1. For the purpose of this Statute, “ecocide” means unlawful or wanton acts committed with knowledge that there is a substantial likelihood of severe and either widespread or long-term damage to the environment being caused by those acts.
2. For the purpose of paragraph 1:
a. “Wanton” means with reckless disregard for damage which would be clearly excessive in relation to the social and economic benefits anticipated;
b. “Severe” means damage which involves very serious adverse changes, disruption or harm to any element of the environment, including grave impacts on human life or natural, cultural or economic resources;
c. “Widespread” means damage which extends beyond a limited geographic area, crosses state boundaries, or is suffered by an entire ecosystem or species or a large number of human beings;
d. “Long-term” means damage which is irreversible or which cannot be redressed through natural recovery within a reasonable period of time;
e. “Environment” means the earth, its biosphere, cryosphere, lithosphere, hydrosphere and atmosphere, as well as outer space.
Analysis
In terms of the activities that might form the basis of the crime, the definition provides two potential routes to liability – “unlawful acts” (presumably straightforward if a breach of a national law has occurred) or “wanton acts”. The definition of wanton acts does provide a high threshold, involving an activity with reckless disregard for damage which would clearly be excessive.
So much for the activity in question (what we lawyers still, I think, call the actus reus).

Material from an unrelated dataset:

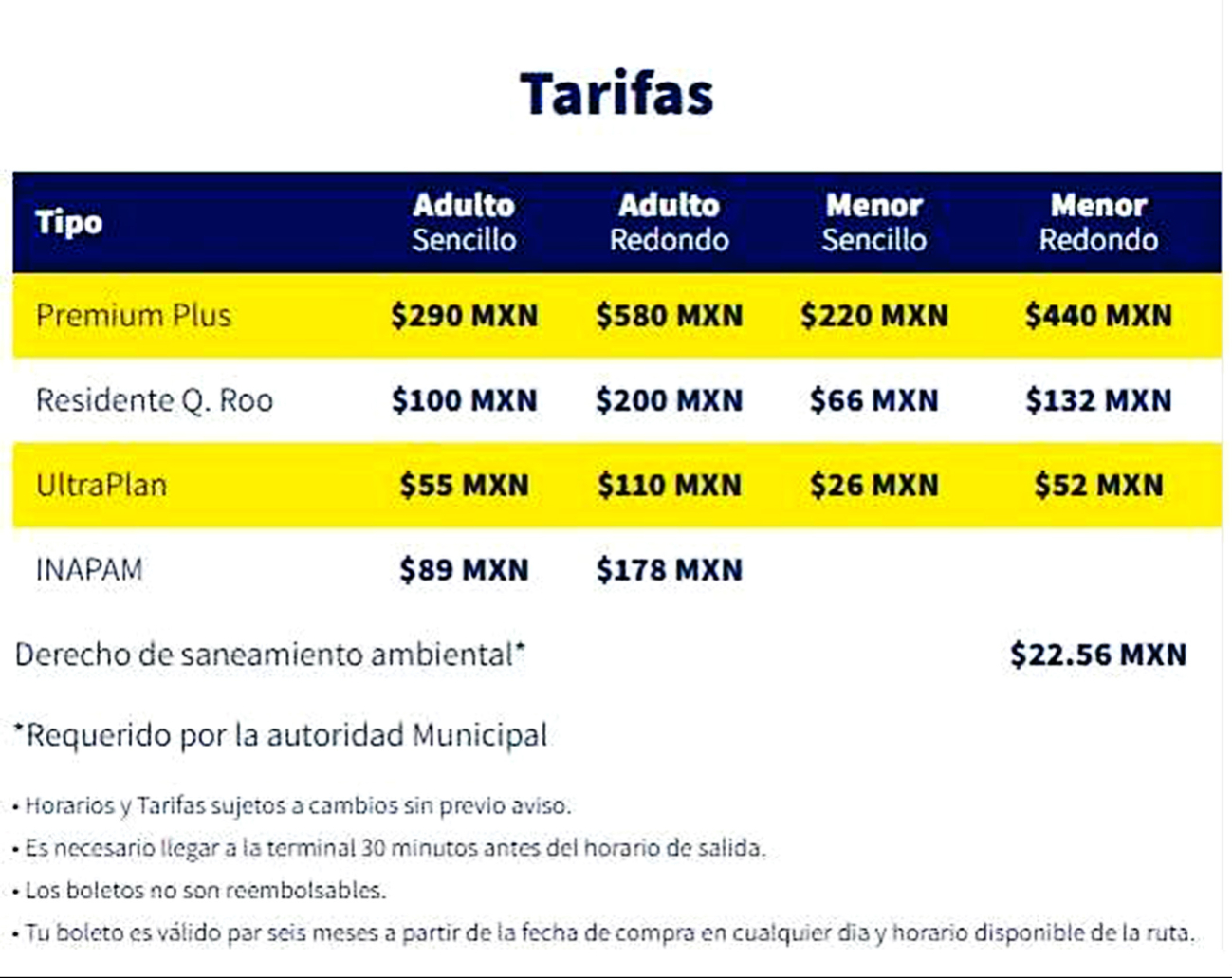 Ante el aumento,  les preocupa que el resto de las navieras también actualice sus costos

Establishing that the activity in question satisfies the definition is not of itself enough. Mens rea, or guilty mind, also needs to be established. Knowledge that there is a substantial likelihood of severe damage to the environment, which can be either widespread or long-term would suffice. I understand that the usual mens rea for crimes under the Rome Statute (under Article 30) is awareness of a near certainty that the event will occur. Thus the proposed definition of ecocide casts the net more widely:
Given the high thresholds for the consequences within the definition of ecocide, the Panel assessed that the Article 30 default mens rea for such consequences was too narrow and would not capture conduct with a high likelihood of resulting in severe and either widespread or long-term damage to the environment.
The definition of severe is set at a high and substantial level, and should avoid routine environmental infringements at a local or even national level from being caught up in the definition.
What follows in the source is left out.